The only way to get round the ban was to pay pounds 200 to get access to the VIP area, where Royal tradition was washed away in a sea of free champers. From my windswept eyrie in row ZZ of the seats, I could see the VIP tent, over whose entrance was strung a banner bearing the corporate sponsor's logo and the mystifying claim "Palace of Rock", wherein such slavering rockbeasts as Virginia Bottomley and the charity's distinguished patron - to whom I overheard one plummy voice refer, with overweening familiarity, simply as "Wales" - could refresh themselves and rattle their jewellery away from the hoi polloi. With no equivalent means of warming up from the inside out, the bulk of the crowd was dependent on the show itself raising the temperature, and this remained steadfastly tepid.

Bob Dylan, with Ronnie Wood augmenting his band, was his usual self, fascinating and infuriating in equal parts. Always contemptuous of his own obligations as a Master of Rock legend, Dylan spends much of his time onstage subverting his own material, rendering some of the most well-known of rock anthems virtually unrecognisable, both to the audience and, at times, to his own musicians, who follow gamely wherever Bob's boot-heels may be a-wanderin'.

Today, they wandered slowly down "Positively 4th Street" and in more sprightly manner through "Silvio" and an encore of "Highway 61 Revisited", while the audience played Spot the Intro. Even spotted correctly, the songs were impossible to sing along with, Dylan twisting his delivery in the most tortuous fashion, flatting most of the melodies in a manner that sounded utterly dismissive of the songs. It was fun to observe, though: I particularly enjoyed the conclusion of "Tangled up in Blue", at whose apparent close the audience applauded, their appreciation tempered with a palpable sense of relief that the band had actually managed to reach the end more or less together.
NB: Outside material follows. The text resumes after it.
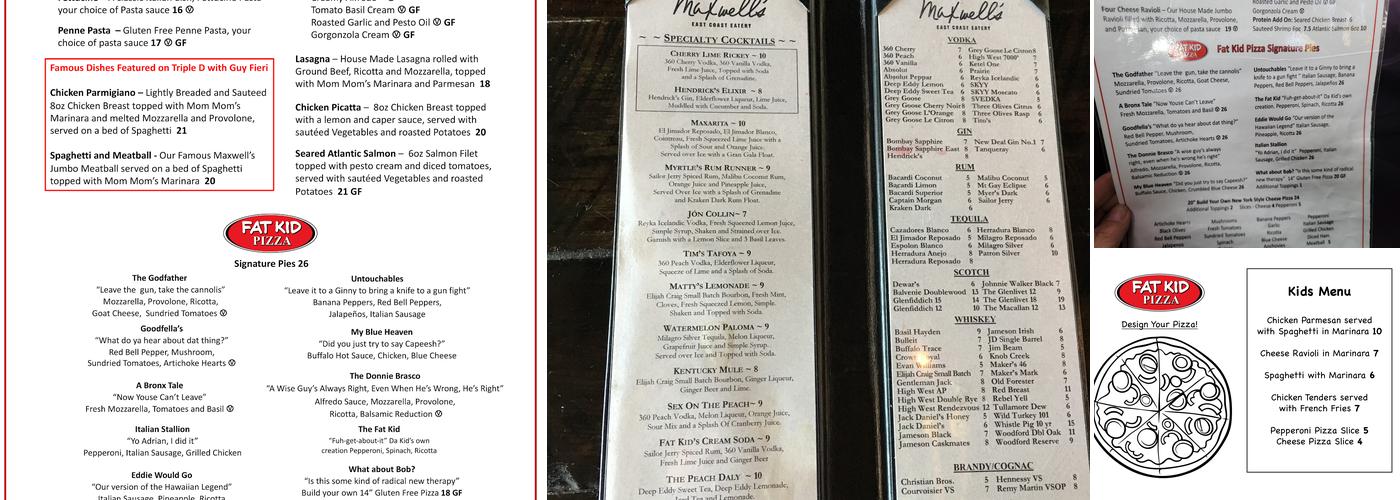 Maxwell's Menu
But both parties were blindsided at the last moment, when Dylan decided that what this particular version of the song really needed was another couple of stanzas of harmonica. Like tardy children dithering at the back of the crocodile, the band were belatedly forced to catch up, while the crowd wondered whether they should applaud again at the end, having already done so once.

For The Who's set, the problems of recognition derived simply from the fact that few people outside diehard fans are familiar with the Quadrophenia material, and justly so: long on ambition but short on catchy melodies, this is Pete Townshend's least engrossing group work, with all his favourite chords rearranged in song after song, like anagrams of each other that gradually blur into one bombastic tirade. Gary Glitter tried manfully to inject a little excitement into the proceedings, but despite his efforts, the show never really lifted off as a staged event: the walk-on celebs (Stephen Fry, Trevor McDonald, and Ade Edmondson) generally did just that: walk on, and then stand around at a loose end. Ringo's son Zac Starkey did a decent enough job Mooning around on the drums, though a brief snatch of film featuring the young Keith Moon doing in his drumkit bore sad testament to the distance between the old, anarchic Who and this new, knighthood- hungry corporate entity.

It was right and proper that Eric Clapton should close the show: as always, Eric's performance was well-rehearsed, impeccably played, and presented with excellent sound quality, factors not exactly in abundance elsewhere on the bill. But for all its coherence and dazzling artistry, it was a largely bloodless affair, except for when Jerry Portnoy stepped forward to blow the back off his harmonica. Even the serrated edges of Elmore James's "It Hurts Me Too" were smoothed out in Clapton's rendition: the blues with a Windsor knot at its throat.